▸ WHAT NEEDS TO BE DONE
Lines before the one containing "And so that's" are not wanted; restate the rest below word for word, through the last line, but drop any pictures.

▸ COLLECTED DATA
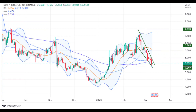After failing to surpass the top band, the DOT currency price is now moving towards the bottom band of the Bollinger Band indicator. The present widening of the Bollinger Band range suggests that the next several days will see a sideways trend. Since the coin started to become volatile, volumes have surged.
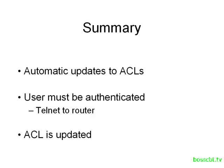And so that's it. That is the dynamic access list. Thanks for watching.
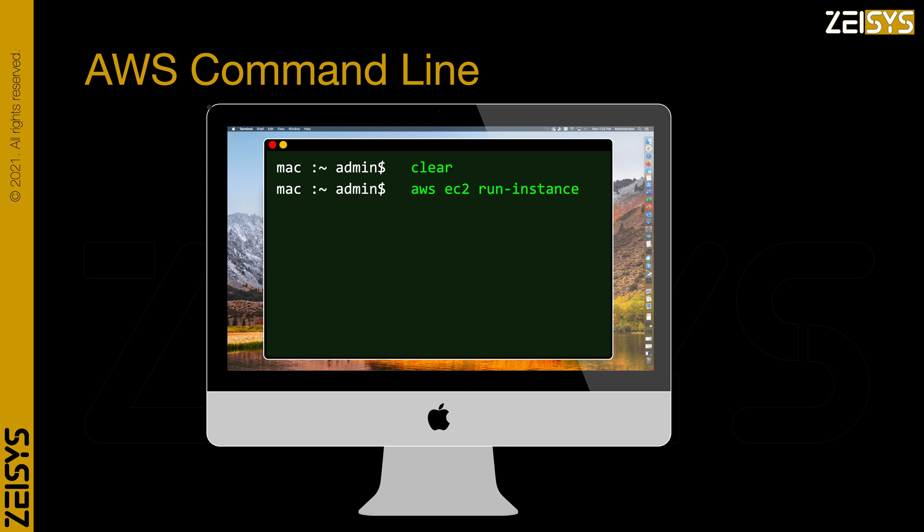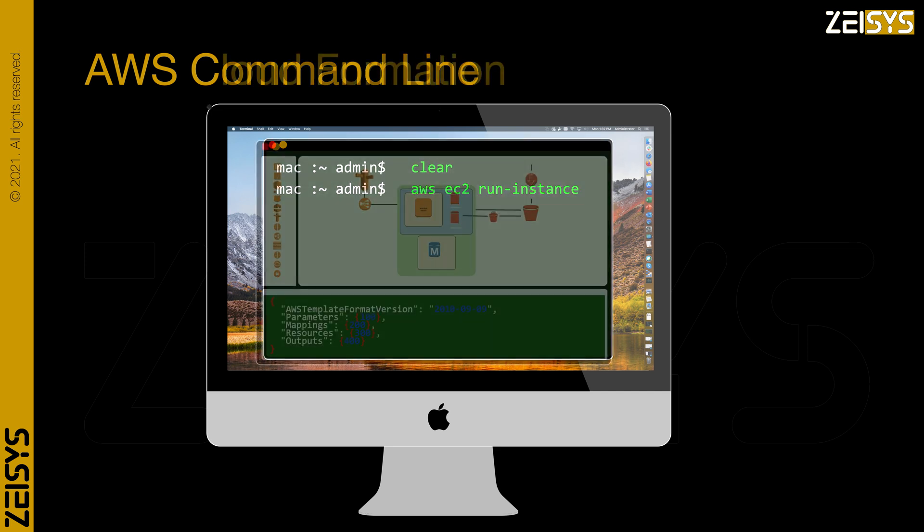If you want an EC2 instance, you type: aws ec2 run-instance. For an S3 bucket, you type: aws s3 mb (make bucket).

▸ REPLY
And so that's it. That is the dynamic access list. Thanks for watching.
If you want an EC2 instance, you type: aws ec2 run-instance. For an S3 bucket, you type: aws s3 mb (make bucket).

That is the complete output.